◆ **Problem statement**:
Write out, word for word, every line in the data below from the one containing "Only & Sons" to the one containing "Tableau magnétique à", both of them included.

◆ **Information given**:
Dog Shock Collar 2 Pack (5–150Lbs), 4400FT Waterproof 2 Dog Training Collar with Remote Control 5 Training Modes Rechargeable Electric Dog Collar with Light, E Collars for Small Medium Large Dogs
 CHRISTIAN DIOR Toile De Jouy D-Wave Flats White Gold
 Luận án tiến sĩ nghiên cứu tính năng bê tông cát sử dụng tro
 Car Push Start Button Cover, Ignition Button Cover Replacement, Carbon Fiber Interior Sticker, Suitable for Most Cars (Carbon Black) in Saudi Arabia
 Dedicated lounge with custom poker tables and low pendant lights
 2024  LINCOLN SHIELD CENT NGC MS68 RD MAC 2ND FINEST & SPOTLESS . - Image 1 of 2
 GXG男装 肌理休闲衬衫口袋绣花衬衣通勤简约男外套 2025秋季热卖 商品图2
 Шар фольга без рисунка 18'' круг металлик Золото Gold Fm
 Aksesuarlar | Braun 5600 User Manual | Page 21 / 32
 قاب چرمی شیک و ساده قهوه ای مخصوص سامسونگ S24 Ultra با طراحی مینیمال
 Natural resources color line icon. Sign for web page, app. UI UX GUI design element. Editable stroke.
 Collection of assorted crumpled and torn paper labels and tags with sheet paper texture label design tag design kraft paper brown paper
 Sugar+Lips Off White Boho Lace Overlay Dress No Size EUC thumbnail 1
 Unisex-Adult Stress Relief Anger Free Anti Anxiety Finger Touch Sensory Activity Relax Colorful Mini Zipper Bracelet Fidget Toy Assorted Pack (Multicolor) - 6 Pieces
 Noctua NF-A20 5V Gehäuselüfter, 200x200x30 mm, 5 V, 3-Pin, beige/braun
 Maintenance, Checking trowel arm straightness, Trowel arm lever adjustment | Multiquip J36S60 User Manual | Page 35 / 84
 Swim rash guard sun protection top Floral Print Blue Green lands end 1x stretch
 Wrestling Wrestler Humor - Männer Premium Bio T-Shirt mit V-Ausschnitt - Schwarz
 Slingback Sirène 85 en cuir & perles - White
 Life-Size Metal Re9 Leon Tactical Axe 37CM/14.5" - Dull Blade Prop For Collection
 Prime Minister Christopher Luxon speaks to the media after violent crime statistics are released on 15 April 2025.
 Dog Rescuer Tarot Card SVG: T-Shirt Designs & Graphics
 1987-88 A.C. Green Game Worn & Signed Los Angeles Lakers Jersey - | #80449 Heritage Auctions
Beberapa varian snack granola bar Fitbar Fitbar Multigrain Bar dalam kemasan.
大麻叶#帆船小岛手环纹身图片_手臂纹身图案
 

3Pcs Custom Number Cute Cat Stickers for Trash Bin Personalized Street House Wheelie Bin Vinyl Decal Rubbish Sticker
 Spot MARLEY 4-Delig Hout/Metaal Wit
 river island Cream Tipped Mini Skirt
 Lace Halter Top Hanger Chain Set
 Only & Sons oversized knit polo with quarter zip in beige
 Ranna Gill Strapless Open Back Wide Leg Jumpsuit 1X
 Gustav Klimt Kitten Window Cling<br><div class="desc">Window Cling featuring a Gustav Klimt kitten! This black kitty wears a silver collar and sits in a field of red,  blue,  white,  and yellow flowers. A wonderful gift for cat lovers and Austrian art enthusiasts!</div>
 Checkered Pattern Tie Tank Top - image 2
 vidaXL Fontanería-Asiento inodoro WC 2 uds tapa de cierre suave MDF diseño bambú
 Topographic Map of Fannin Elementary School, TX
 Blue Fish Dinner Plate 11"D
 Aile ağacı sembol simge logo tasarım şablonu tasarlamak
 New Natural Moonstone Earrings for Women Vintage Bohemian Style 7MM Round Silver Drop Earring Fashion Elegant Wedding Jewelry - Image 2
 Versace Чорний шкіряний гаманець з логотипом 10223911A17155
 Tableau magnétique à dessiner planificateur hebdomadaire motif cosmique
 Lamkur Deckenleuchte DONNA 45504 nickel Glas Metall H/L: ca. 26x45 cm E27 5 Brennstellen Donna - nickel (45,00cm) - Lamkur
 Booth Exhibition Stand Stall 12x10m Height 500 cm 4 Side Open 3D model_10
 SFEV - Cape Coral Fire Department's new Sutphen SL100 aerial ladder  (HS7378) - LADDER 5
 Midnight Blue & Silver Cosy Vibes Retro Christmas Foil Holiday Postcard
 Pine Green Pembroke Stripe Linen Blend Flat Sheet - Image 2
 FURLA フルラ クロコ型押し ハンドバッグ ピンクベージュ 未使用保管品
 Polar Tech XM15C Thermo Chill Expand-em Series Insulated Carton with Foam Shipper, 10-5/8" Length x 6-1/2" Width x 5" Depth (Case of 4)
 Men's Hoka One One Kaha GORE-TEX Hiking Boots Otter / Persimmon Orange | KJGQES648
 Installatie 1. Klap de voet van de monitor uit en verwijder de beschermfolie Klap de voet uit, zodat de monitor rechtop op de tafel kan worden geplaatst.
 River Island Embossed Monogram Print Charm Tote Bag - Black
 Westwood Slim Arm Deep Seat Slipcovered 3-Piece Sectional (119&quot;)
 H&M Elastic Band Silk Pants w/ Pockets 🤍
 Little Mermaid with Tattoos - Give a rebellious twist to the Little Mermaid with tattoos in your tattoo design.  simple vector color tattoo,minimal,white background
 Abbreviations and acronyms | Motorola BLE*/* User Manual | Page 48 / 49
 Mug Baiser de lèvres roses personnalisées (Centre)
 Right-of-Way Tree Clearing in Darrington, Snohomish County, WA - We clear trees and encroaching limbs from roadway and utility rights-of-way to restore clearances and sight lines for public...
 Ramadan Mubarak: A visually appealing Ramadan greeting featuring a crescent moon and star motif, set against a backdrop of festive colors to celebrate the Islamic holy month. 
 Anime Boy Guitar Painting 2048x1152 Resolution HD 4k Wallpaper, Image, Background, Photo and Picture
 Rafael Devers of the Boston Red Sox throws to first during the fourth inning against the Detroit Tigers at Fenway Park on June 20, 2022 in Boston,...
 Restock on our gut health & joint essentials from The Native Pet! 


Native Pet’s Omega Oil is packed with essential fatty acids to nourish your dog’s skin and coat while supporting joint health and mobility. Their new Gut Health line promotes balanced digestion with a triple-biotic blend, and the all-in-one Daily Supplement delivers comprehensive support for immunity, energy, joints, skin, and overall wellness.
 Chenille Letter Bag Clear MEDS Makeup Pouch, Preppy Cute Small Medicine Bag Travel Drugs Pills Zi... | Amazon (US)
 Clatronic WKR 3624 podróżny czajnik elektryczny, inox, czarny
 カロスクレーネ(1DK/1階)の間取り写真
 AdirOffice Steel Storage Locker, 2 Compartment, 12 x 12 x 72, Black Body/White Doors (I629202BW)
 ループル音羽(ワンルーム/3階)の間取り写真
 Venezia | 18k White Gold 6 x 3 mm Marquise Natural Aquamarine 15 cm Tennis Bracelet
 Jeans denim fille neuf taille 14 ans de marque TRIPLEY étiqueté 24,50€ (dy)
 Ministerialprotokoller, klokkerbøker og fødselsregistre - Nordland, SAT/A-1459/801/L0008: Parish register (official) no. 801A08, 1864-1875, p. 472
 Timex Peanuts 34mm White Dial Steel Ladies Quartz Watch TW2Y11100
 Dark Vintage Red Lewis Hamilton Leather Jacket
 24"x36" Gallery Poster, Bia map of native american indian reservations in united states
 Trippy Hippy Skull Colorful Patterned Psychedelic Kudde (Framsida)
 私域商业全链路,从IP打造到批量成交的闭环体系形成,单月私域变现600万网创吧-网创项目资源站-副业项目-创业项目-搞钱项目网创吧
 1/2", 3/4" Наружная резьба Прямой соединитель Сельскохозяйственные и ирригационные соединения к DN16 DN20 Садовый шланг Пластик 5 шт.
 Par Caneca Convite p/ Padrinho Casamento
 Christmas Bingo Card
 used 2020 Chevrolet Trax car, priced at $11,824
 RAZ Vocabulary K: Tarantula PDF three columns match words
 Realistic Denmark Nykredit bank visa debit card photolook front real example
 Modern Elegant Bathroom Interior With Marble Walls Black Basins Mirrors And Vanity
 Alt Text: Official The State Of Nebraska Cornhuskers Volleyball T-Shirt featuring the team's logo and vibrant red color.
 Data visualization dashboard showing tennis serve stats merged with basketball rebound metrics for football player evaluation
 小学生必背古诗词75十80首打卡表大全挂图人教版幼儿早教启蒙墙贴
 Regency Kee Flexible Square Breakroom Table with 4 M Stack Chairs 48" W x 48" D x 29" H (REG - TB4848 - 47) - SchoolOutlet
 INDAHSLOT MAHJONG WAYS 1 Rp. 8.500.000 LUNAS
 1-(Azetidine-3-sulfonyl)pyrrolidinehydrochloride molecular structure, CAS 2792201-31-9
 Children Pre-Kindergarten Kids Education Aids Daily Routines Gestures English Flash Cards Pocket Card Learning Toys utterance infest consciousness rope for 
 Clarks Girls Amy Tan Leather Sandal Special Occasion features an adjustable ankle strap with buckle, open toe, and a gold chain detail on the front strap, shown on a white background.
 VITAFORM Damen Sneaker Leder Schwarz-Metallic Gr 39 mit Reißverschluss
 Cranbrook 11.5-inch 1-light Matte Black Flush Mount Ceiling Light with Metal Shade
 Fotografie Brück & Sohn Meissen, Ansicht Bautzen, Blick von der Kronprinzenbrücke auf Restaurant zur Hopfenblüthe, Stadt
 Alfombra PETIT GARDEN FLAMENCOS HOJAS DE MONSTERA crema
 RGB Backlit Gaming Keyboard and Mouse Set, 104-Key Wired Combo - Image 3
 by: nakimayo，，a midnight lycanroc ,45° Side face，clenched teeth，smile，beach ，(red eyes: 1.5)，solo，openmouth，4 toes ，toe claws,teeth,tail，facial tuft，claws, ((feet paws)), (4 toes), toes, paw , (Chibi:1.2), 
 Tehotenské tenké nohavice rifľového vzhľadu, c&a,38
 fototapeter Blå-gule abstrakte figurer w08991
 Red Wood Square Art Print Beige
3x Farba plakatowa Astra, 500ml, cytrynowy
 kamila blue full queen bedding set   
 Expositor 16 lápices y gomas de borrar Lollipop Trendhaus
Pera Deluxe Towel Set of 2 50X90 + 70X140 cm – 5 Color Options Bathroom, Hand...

◆ **Output below**:
 Only & Sons oversized knit polo with quarter zip in beige
 Ranna Gill Strapless Open Back Wide Leg Jumpsuit 1X
 Gustav Klimt Kitten Window Cling<br><div class="desc">Window Cling featuring a Gustav Klimt kitten! This black kitty wears a silver collar and sits in a field of red,  blue,  white,  and yellow flowers. A wonderful gift for cat lovers and Austrian art enthusiasts!</div>
 Checkered Pattern Tie Tank Top - image 2
 vidaXL Fontanería-Asiento inodoro WC 2 uds tapa de cierre suave MDF diseño bambú
 Topographic Map of Fannin Elementary School, TX
 Blue Fish Dinner Plate 11"D
 Aile ağacı sembol simge logo tasarım şablonu tasarlamak
 New Natural Moonstone Earrings for Women Vintage Bohemian Style 7MM Round Silver Drop Earring Fashion Elegant Wedding Jewelry - Image 2
 Versace Чорний шкіряний гаманець з логотипом 10223911A17155
 Tableau magnétique à dessiner planificateur hebdomadaire motif cosmique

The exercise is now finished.